I now have a deeper connection with my body, my being, and my partner and the appreciation I feel for the kind souls who have never given up on us, is immense. Beauty is revealed in the most unexpected ways as our journey to have a baby continues with divine timing.
Kindness and awareness are the keys when it comes to supporting someone through I.V.F. And when more people can express and process how they feel, healing can take place individually and collectively and there is less of a tendency for grief to be disenfranchised or for people to feel isolated.
Here are some do’s and don’ts:
*Avoid asking the person or couple how the process is going all the time. They may already be feeling on edge, thinking about their next injection and the fear of failure can be activated easily.
* Avoid saying multiple cycles were failures or implying they don’t have the right ‘baby making mindset’.
* If there is a close relationship, not asking how the person/couple is at all or avoiding the topic altogether can also appear to be quite cold unless the person/couple have expressed that they don’t wish to share any details.
*Avoid asking if they have considered adopting or being a foster parent (these are beautiful ways to become a parent, however, best left for the person or couple to raise).
* Try not to complain about your kids all the time, be grateful for what you have, as some people are struggling to even have a child or are not able to at all.

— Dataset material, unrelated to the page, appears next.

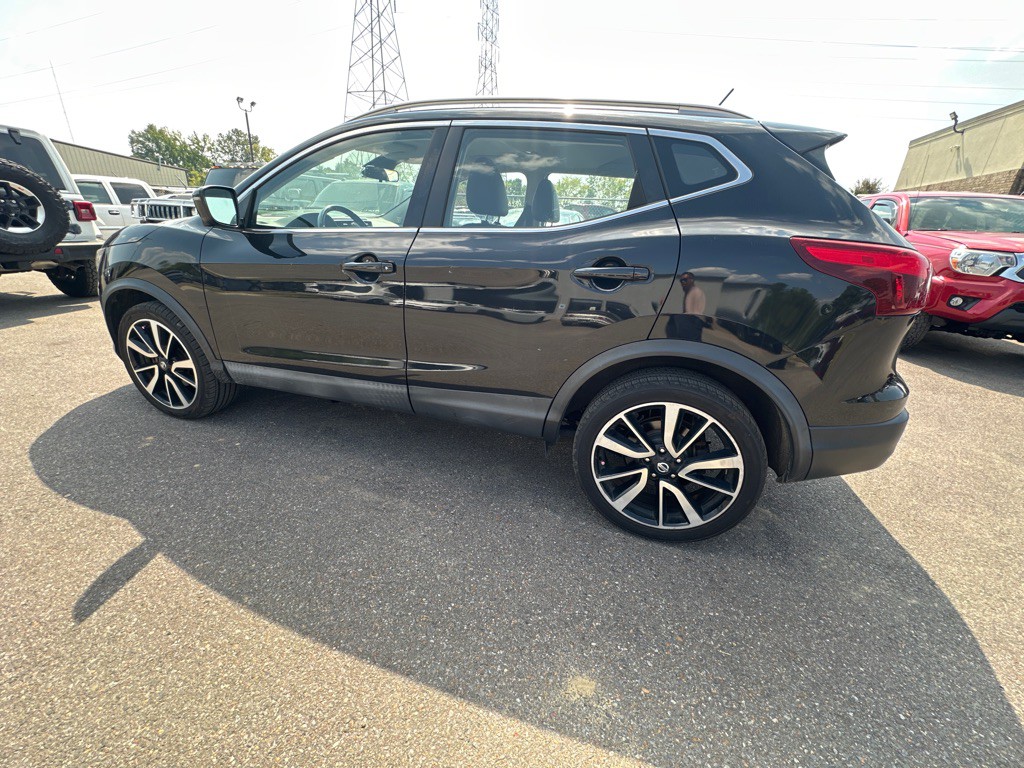2017 Nissan Rogue Image 6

*If you haven’t experienced I.V.F. yourself first-hand, please don’t say, “I know how you feel”. Instead, just be with the person and ask how they are feeling.

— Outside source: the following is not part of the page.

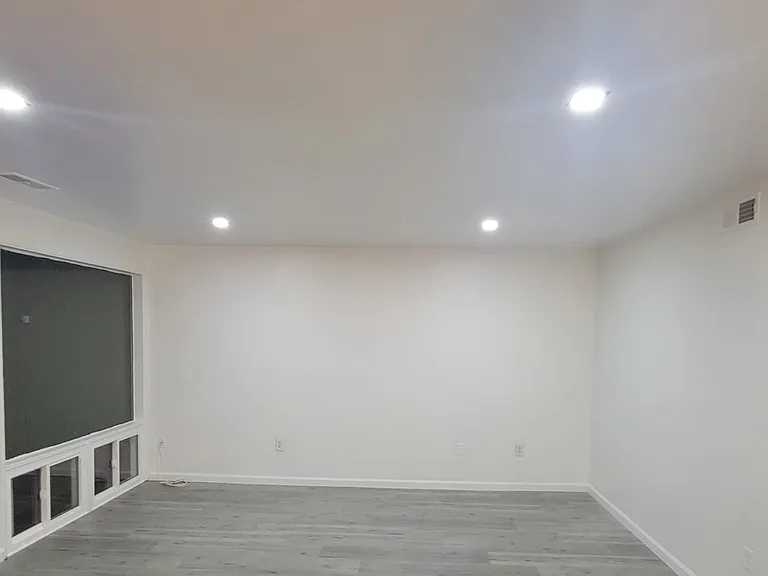 7172 Donnell Pl — Photo 11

* If you are participating in I.V.F. and you share with a fellow I.V.F. friend, remember to check in with each other rather than giving an update on your egg collection tally- it’s not an Easter Egg competition!

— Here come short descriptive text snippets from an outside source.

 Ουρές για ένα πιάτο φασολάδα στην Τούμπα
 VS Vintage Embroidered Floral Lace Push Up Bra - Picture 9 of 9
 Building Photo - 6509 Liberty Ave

* Avoid using the opportunity to whip out your latest multi-level marketing product. Expect some sighs and eyeball rolling from your friend when you try to sign them up for that special lifetime membership.
* Avoid telling the person repetitively to be positive. The positivity model can be an approach for some and yet growth requires not getting stuck in polarity or resisting the so called ‘negative’ feelings and glossing over it with a sugary smile. Being vulnerable and allowing reactions ‘to be’ as well as challenging limiting beliefs and expectations, can create a space of kindness for growth to occur.
*Be in your heart space. You don’t have to be Mother Theresa, just be there when you can and be open. Sometimes the need for space with no talking can be just as important to respect.
* Well timed humor from a caring space, can be just as healing as crying or beating a pillow!
Remember you don’t have to offer advice, say the perfect words, nor do you have to feel responsible to cheer the person up. Listen without an agenda and ask open questions in a non-judgmental way without the Spanish Inquisition.
If you have done anything on the ‘avoid’ list please don’t give yourself a hard time, learn from it, as it’s a growing experience for all involved.